Exercise aim: Give the records again word for word. Leave every picture out.

Task inputs:
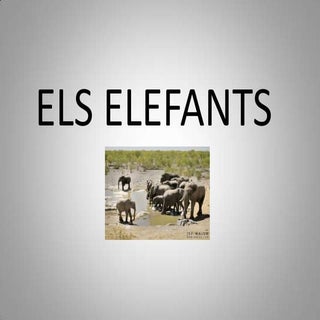 Els elefants.2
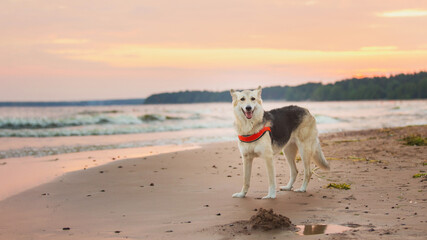 Beautiful dog walking at beach near water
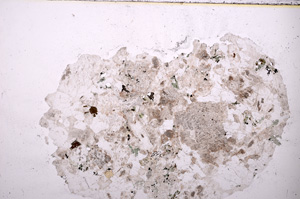 Plane Polarized, E24147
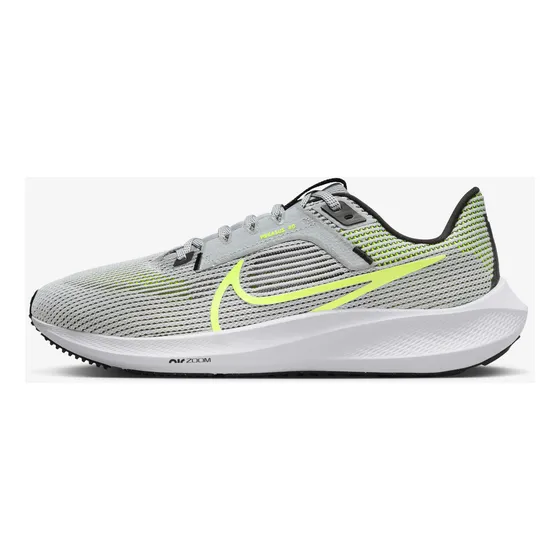 Zapatillas Para Hombre Nike Pegasus 40 Gris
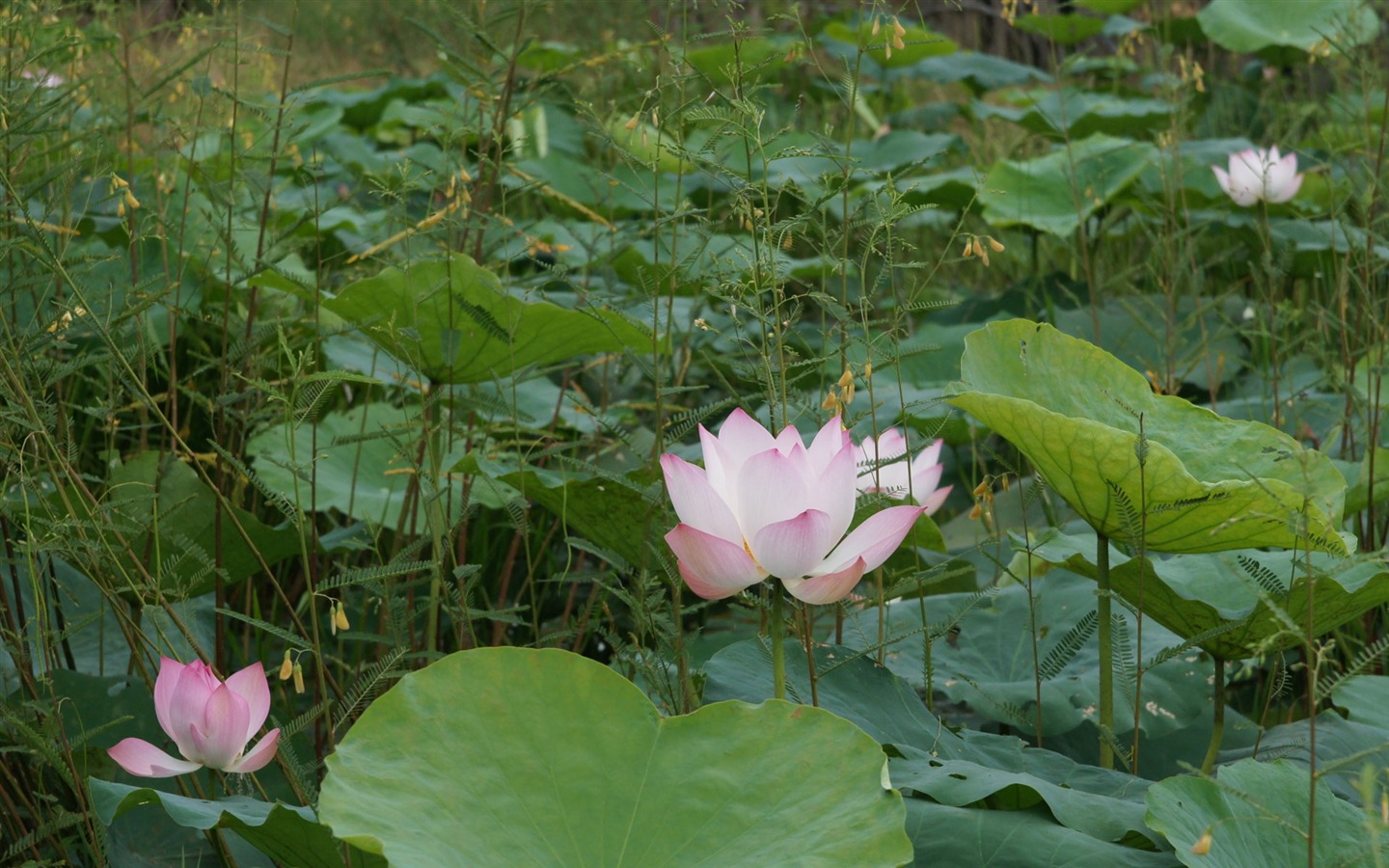 Lotus Fototapete (2) #8 - 1440x900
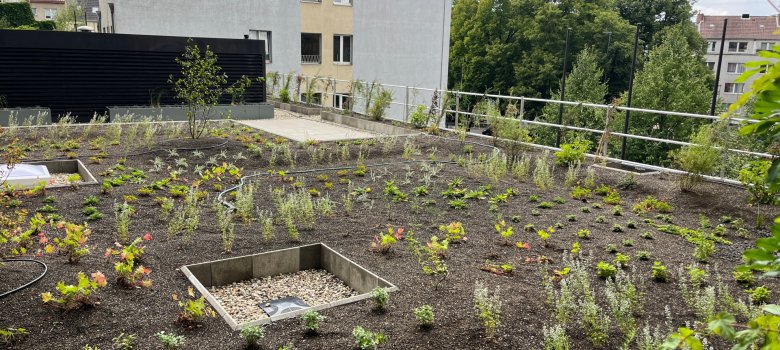 Dach- und Fassadenbegrünung auf dem Dach des Foyers und der Parkgarage.
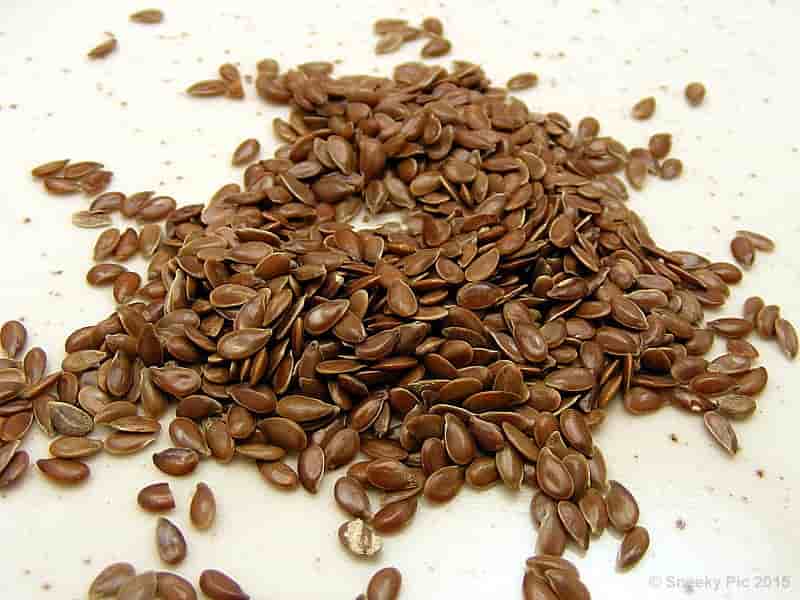 Flax Seed / Linseed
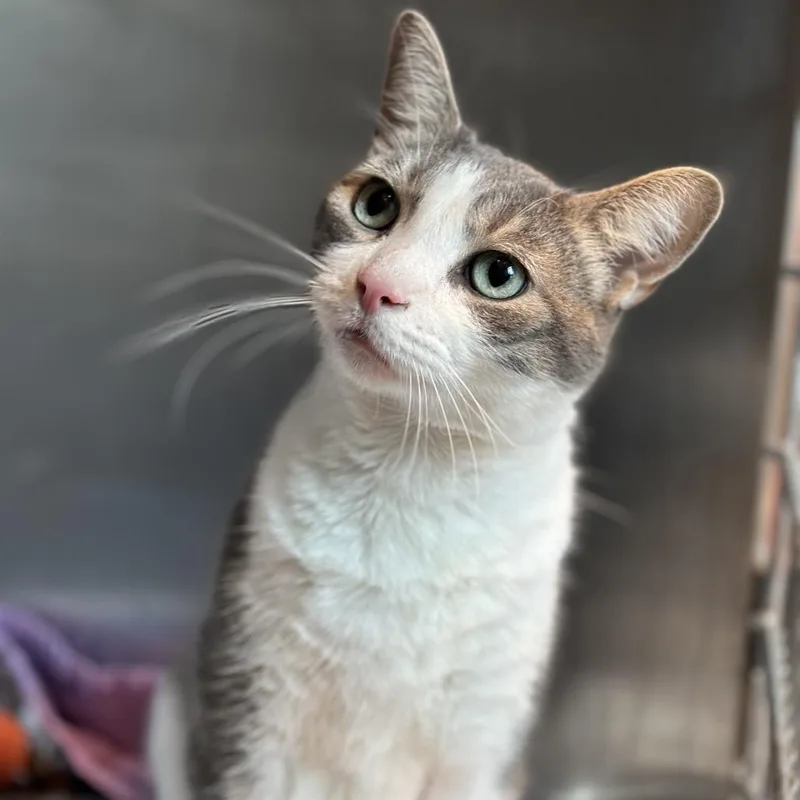 An adult large-sized male Domestic Short Hair cat named Stewart for adoption in Matteson, IL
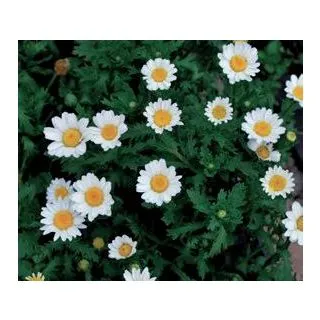 Compra CRYSANTHEMUM SNOWLAND (240 Plante). en la tienda online Fito Agrícola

Reply to the task:
 Els elefants.2
 Beautiful dog walking at beach near water
 Plane Polarized, E24147
 Zapatillas Para Hombre Nike Pegasus 40 Gris
 Lotus Fototapete (2) #8 - 1440x900
 Dach- und Fassadenbegrünung auf dem Dach des Foyers und der Parkgarage.
 Flax Seed / Linseed
 An adult large-sized male Domestic Short Hair cat named Stewart for adoption in Matteson, IL
 Compra CRYSANTHEMUM SNOWLAND (240 Plante). en la tienda online Fito Agrícola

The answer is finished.